EXERCISE:
Look below for the line that contains "General visual reference" and the line that contains "Veggie Shawarma Fries Cola", then restate both of them and every line in between, exactly. No picture goes in the copy.

ENTRIES SUPPLIED:
====================
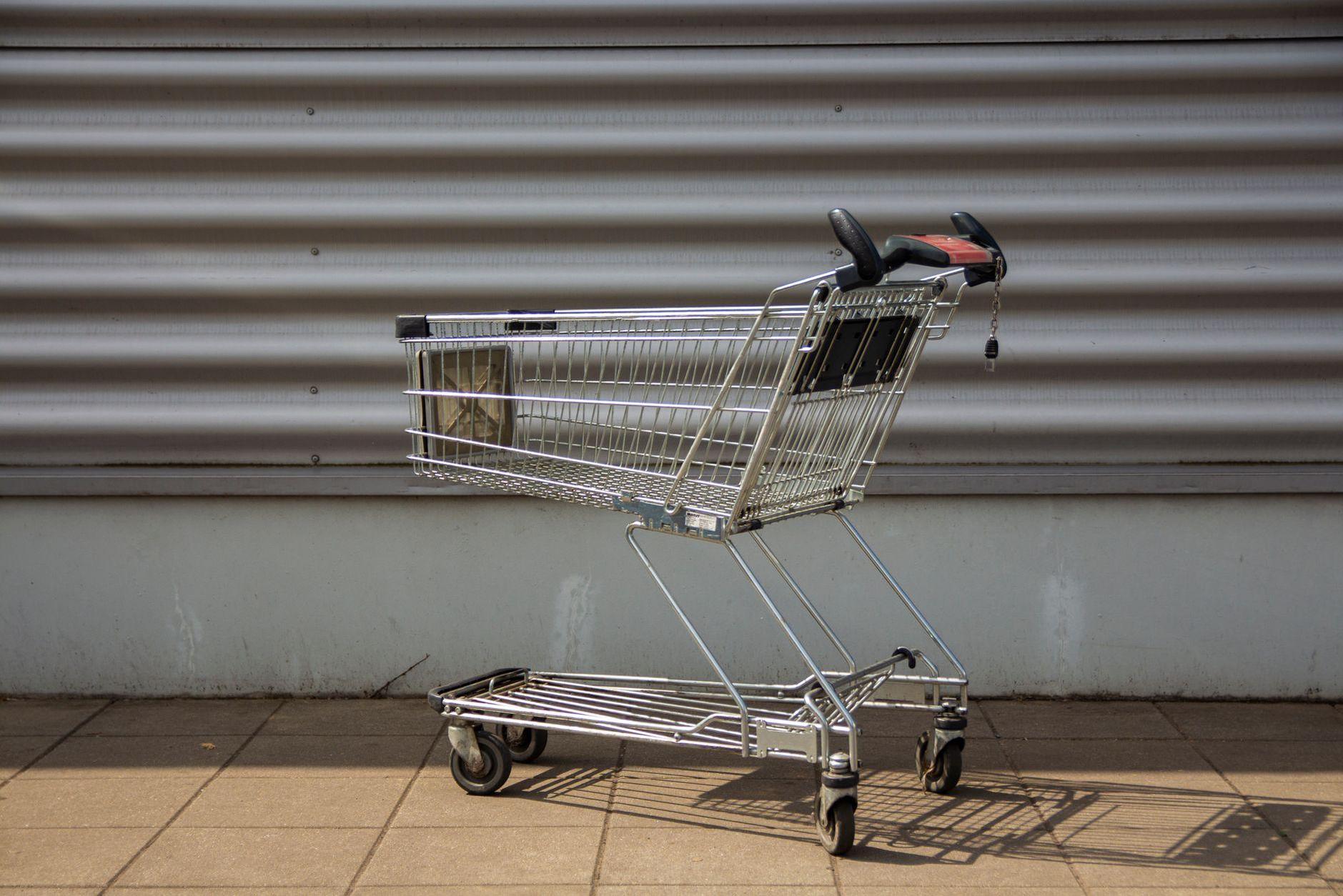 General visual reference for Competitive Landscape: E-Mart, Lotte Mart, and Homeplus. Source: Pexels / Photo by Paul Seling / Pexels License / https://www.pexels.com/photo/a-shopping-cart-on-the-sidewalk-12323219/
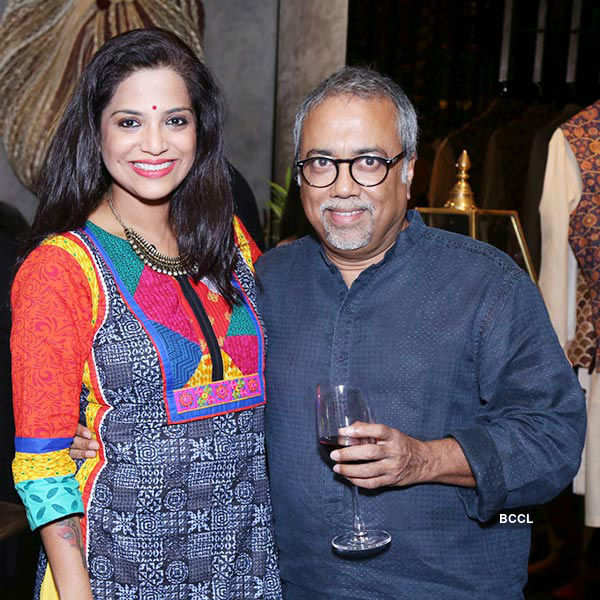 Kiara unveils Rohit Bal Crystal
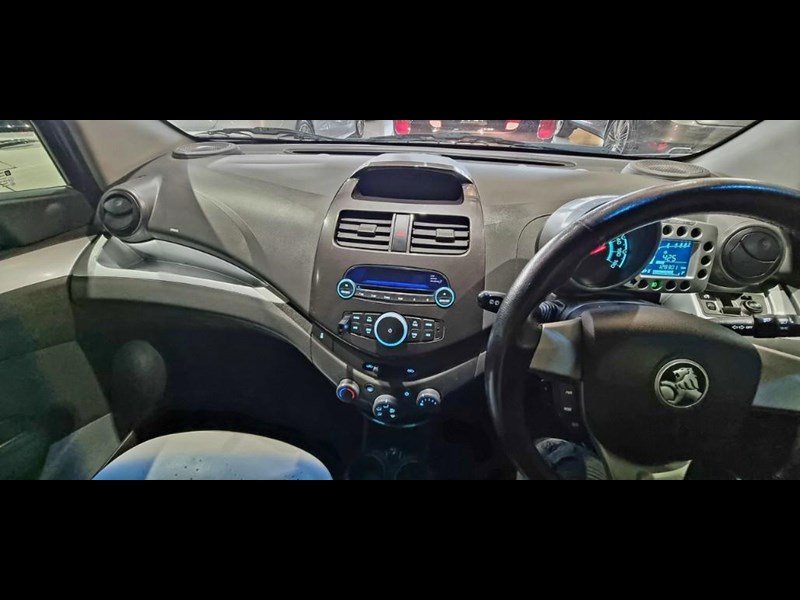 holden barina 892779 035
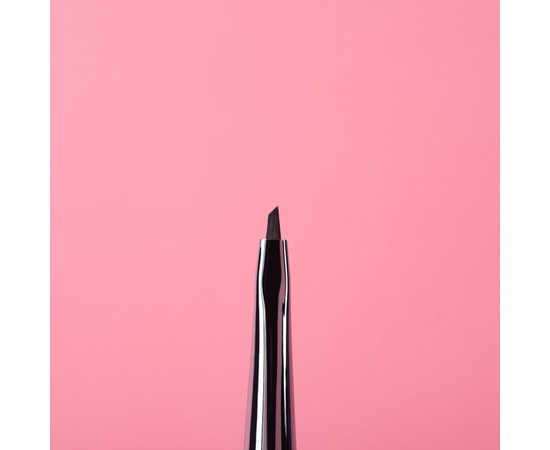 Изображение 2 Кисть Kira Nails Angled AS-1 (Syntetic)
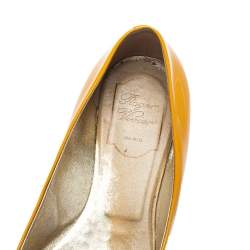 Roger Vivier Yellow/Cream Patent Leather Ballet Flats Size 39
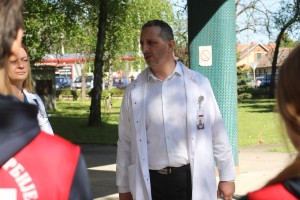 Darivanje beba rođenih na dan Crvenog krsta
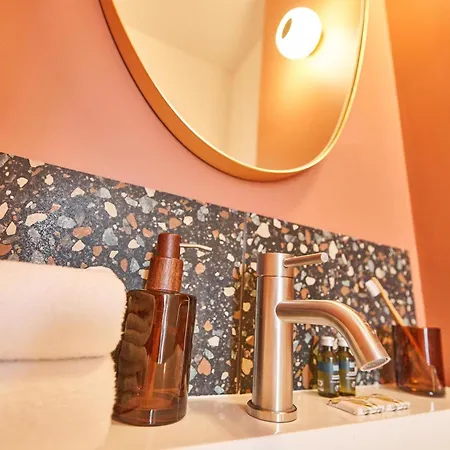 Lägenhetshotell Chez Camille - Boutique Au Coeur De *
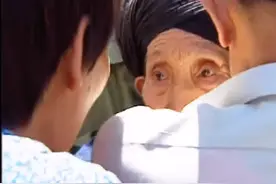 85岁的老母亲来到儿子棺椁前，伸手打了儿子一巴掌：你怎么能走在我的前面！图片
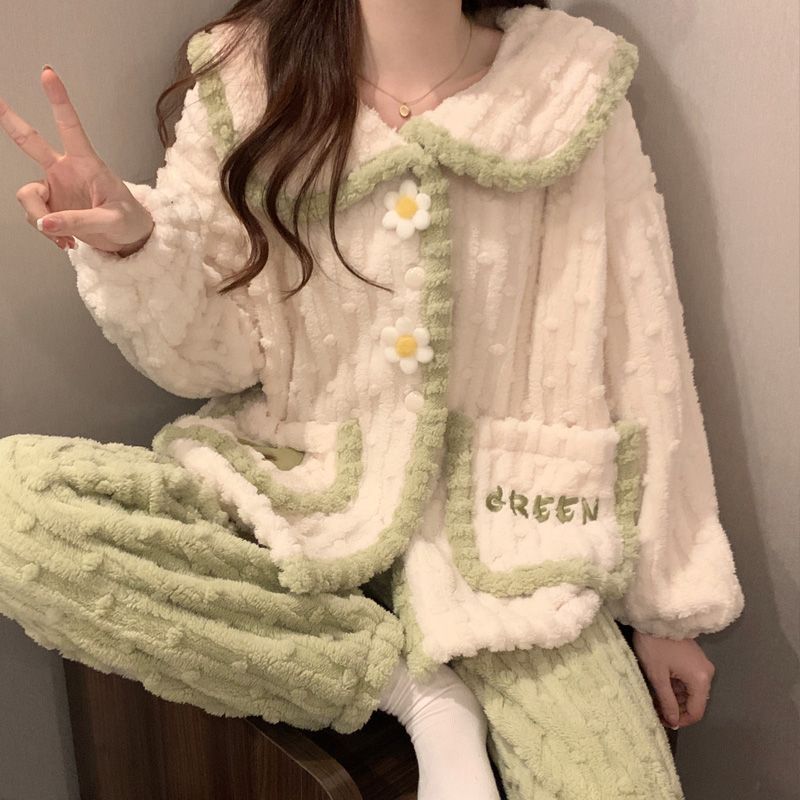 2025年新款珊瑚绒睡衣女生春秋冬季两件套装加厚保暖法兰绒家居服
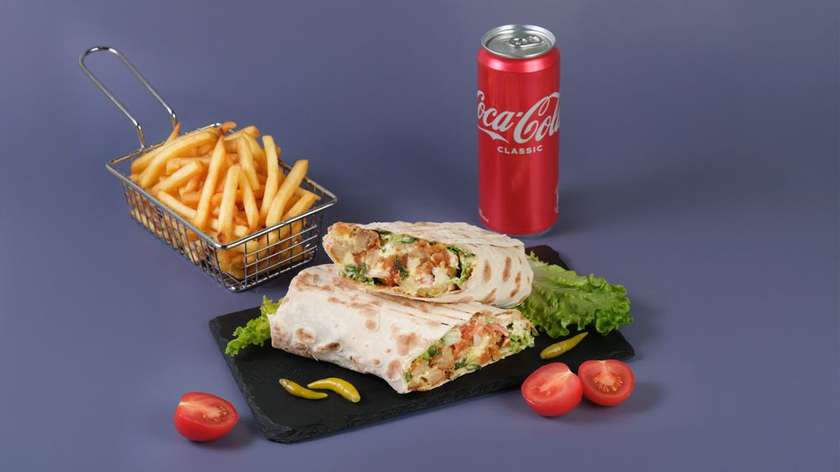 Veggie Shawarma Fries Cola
====================
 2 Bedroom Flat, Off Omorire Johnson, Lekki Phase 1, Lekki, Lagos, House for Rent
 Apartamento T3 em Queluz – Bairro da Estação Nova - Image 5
====================
RESPONSE FOR THIS EXERCISE:
 General visual reference for Competitive Landscape: E-Mart, Lotte Mart, and Homeplus. Source: Pexels / Photo by Paul Seling / Pexels License / https://www.pexels.com/photo/a-shopping-cart-on-the-sidewalk-12323219/
 Kiara unveils Rohit Bal Crystal
 holden barina 892779 035
 Изображение 2 Кисть Kira Nails Angled AS-1 (Syntetic)
 Roger Vivier Yellow/Cream Patent Leather Ballet Flats Size 39
 Darivanje beba rođenih na dan Crvenog krsta
 Lägenhetshotell Chez Camille - Boutique Au Coeur De *
 85岁的老母亲来到儿子棺椁前，伸手打了儿子一巴掌：你怎么能走在我的前面！图片
 2025年新款珊瑚绒睡衣女生春秋冬季两件套装加厚保暖法兰绒家居服
 Veggie Shawarma Fries Cola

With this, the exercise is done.